I’ve been taking a lot of nature pictures to keep my spirits up. That’s not hard, with bumblebees landing on daffodils in my front yard, mourning doves brooding on a new nest on the porch, and cherry trees, redbuds, and magnolia trees in bloom. Occasionally I find the exuberance of early spring in the Washington metro area jarring, under the circumstances, but mostly I find the beauty to be a comfort.

We didn’t know if we’d be able to go see the Tidal Basin cherry trees (which reached peak bloom on Friday) and practice social distancing at the same time, because the paths around the water are pretty narrow, and it can get very crowded. But there are two dozen cherry trees on the block just around the corner from us we’ve been enjoying.

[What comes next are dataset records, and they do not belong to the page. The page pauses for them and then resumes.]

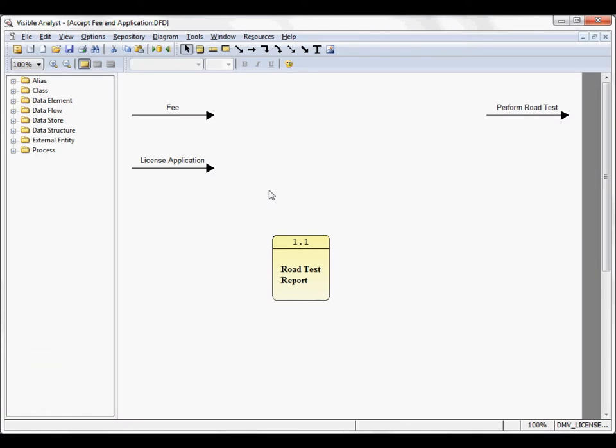That's a very brief overview of the data flow diagrams in the visible analyst. The online help system explains in detail the use of data flows on the diagrams, adding processes, the nest function, and the decomposition function. Thank you.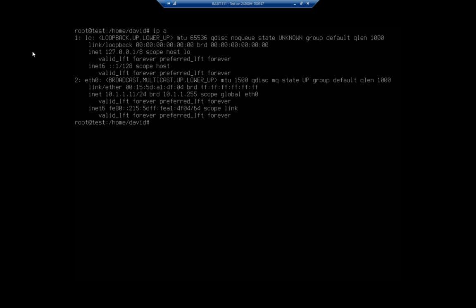First thing we'll need is a static IP address. I'm sitting on a virtual machine in my network, and I have an external switch so that I can get out to the internet and download the software I need. To do that, I need to use a DHCP address. When you install Ubuntu Server, it does DHCP for its IP address assignment by default. I'll reference you back to the previous video on configuring an IP address to see how we change that from static to DHCP.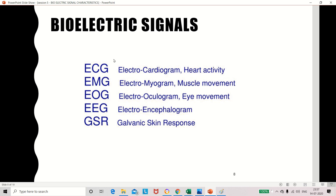The main bioelectric signals are: ECG (electrocardiogram), which relates to heart activity; EMG (electromyography), where 'myo' refers to muscle movement; EOG (electrooculogram), a biopotential signal due to eye movement; EEG (electroencephalogram), the bioelectric signal due to brain activity; and GSR (galvanic skin response), where potential is generated from the skin.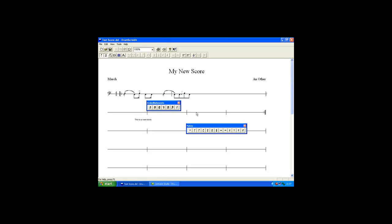With drum screen 2 first and second timings are more flexible. Simply click on the bar and then the appropriate first timing marker. Again for the second timing.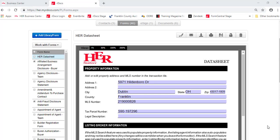To launch the eSign setup, you can begin from either the Forms area or the Documents area of your tile. Choose the form or forms or documents you wish to send to eSign to set up for your signers to sign.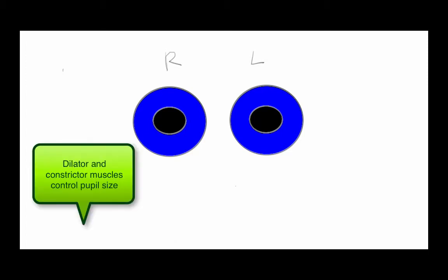The parasympathetic system is going to be responsible for constricting the eyes. The sympathetic and parasympathetic nerves run through the ciliary ganglion to innervate the muscles of the iris, the pupillary constrictor and pupillary dilator.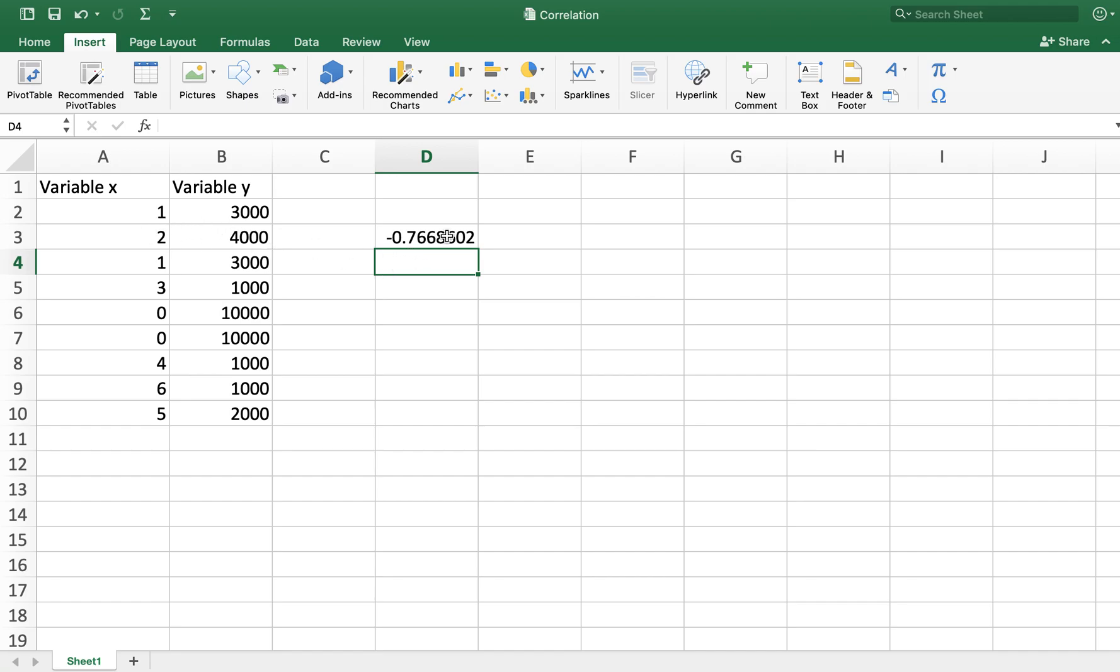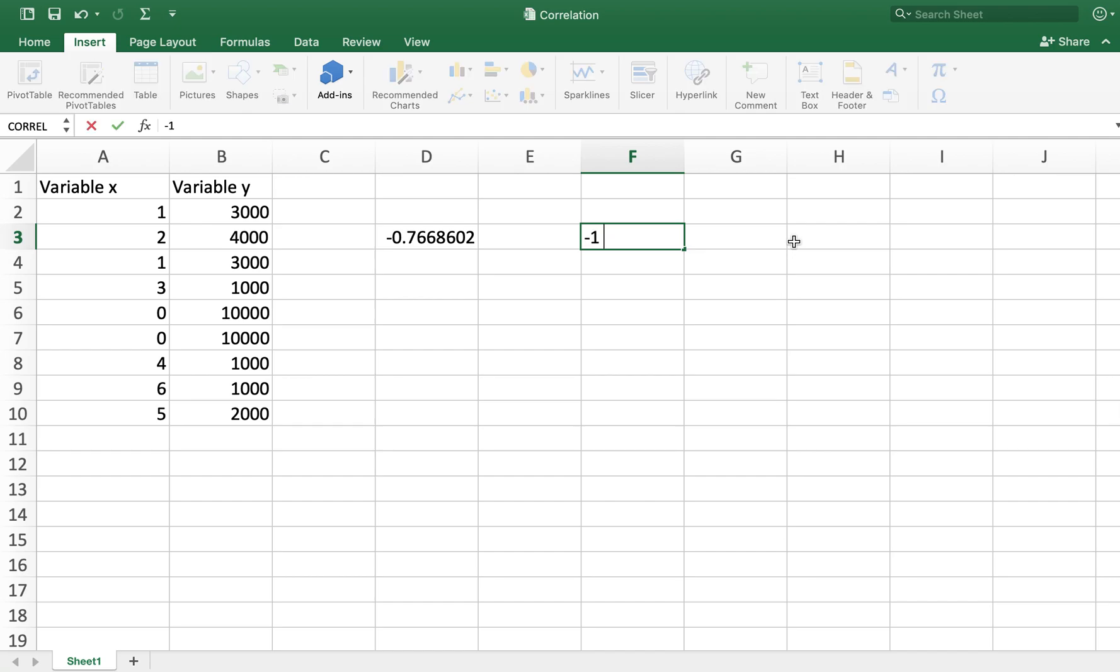And then I'll hit enter. You can see here that the value of correlation coefficient for this data is negative 0.7668602. In the range of correlation coefficient, which we had from negative one to zero to positive one, this value that we calculated is close to negative one. That's why the strength of the relationship between variables X and Y is strong.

We were also considering doing a Tidal Basin driving tour today. However, after crowds of people flocked there Friday and Saturday, city authorities closed Metro stops and roads that lead to the Tidal Basin, so we switched plans and went to the National Arboretum. It turned out to be a good choice. It’s much bigger, so people were spread out enough for it to feel safe, and it was lovely. The cherries there seem to be of more varied species, so the bloom is not as synchronous as at the Tidal Basin, but plenty were in bloom. They are also taller, have more slender trunks, and are planted in more wood-like groves.

No one yelled at anyone else

We’ve been doing pretty well on this count. There was some snapping on the first day, but we pulled back from the brink.

No one cried (as far as Steph knows)

I don’t know about anyone else, but I didn’t cry until Friday. It was before I got out of bed that morning, and I don’t even remember what set me off because that was two days ago– who can remember that far back these days?  I guess the stress was getting to me. I had an infected cold sore on my lower lip late in the week. I never get cold sores, so I was looking them up online and learned that they can be brought on by stress. So, okay, that makes sense. It was looking pretty bad for a while and Beth thought I should do a video consult with an urgent care doctor, but then it cleared up.

Overall, though, we are lucky. Beth and I both have jobs that can be done from home. We’re all together and life goes on, even in a crisis. North turns fourteen tomorrow, without a party, but as with the concert, they’ve figured out a way to approximate a party. I’ll tell you all about that soon.